Blog Revision: Strengths and Weaknesses


My friends are excellent writers. They both know what to say, use correct grammar, and have excellent structure to their essays. My friends and I are very different. Expressing their thoughts on paper comes naturally to them, but it takes a little more thought for me. My writing shows that researching information is a definite strength, but I lack organization and grammar skills, as well as a clear expression of what I want to say. My goal in writing is to just be confident in my writing.

When it comes to writing strengths I feel I am better with knowing what information I want to say. I can research all day because I am determined to make sure what I say is correct information. I do not want to give someone the wrong information because that makes me look bad. I would never want someone to pass down bad advice or tell me a lie. The least I can do is make sure the information I give out is backed up with evidence or proof.

A weakness I am definitely aware of are my organization skills. I know what I want to say in my papers, but I do not know when the correct moment to say something is. My thoughts become scattered which makes it difficult to get A's on the papers I write for school. I am afraid of getting someone confused or thrown off because my paper is unorganized. During Summer Bridge at Loyola my thoughts were scattered everywhere. I had all the information, but it just did not flow. Once something popped in my head I wrote it down no matter what I was talking about before. Also, my grammar skills need work. Grammar skills, for me, are hard to understand. During the years at my high school, Chapelle, I never actually understood when it is truly appropriate to use a comma. I sometimes use commas whenever I feel there is a pause, which is not necessarily right. In addition, I want to be able to do a better job of expressing what I want to say. I know what I want to say in my thoughts, but my thoughts sometimes do not make sense on paper. The work either does not make sense or it does not sound interesting. Most of the time my work sounds very straight forward, and I would like to learn how to pull a reader in.

My goal is that I wish to just be a better writer and feel prepared for college writing. I want to have all my weaknesses to become strengths. If I were able to change my weaknesses to strengths, I would feel safe and confident. I am scared that I am not up to par, and I will fail my essays or easy writing assignments. I have heard so many scary stories from my college friends of writing essays in college or on finals.
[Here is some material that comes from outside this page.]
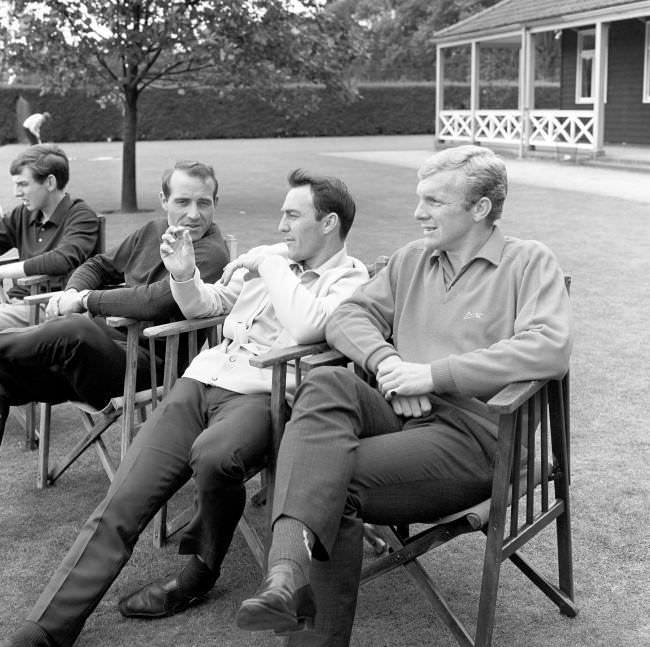 Jimmy Greaves holds the attention of fellow England World Cup squad players Bobby Moore (right) and Ron Springett as they relax at Roehampton, London, 1966.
Obviously, their words are not helping me stay calm. I just need help strengthening my basic knowledge so that I can become a better writer.

I want to be able to put my mind at ease with the help of this class. Starting with the basics of writing is not boring or stupid to me. This course, I feel, will help me calm down enough to organize my thoughts, correct my grammar usage, and just be at ease when I write. I do not think a little bit of review could hurt anyone.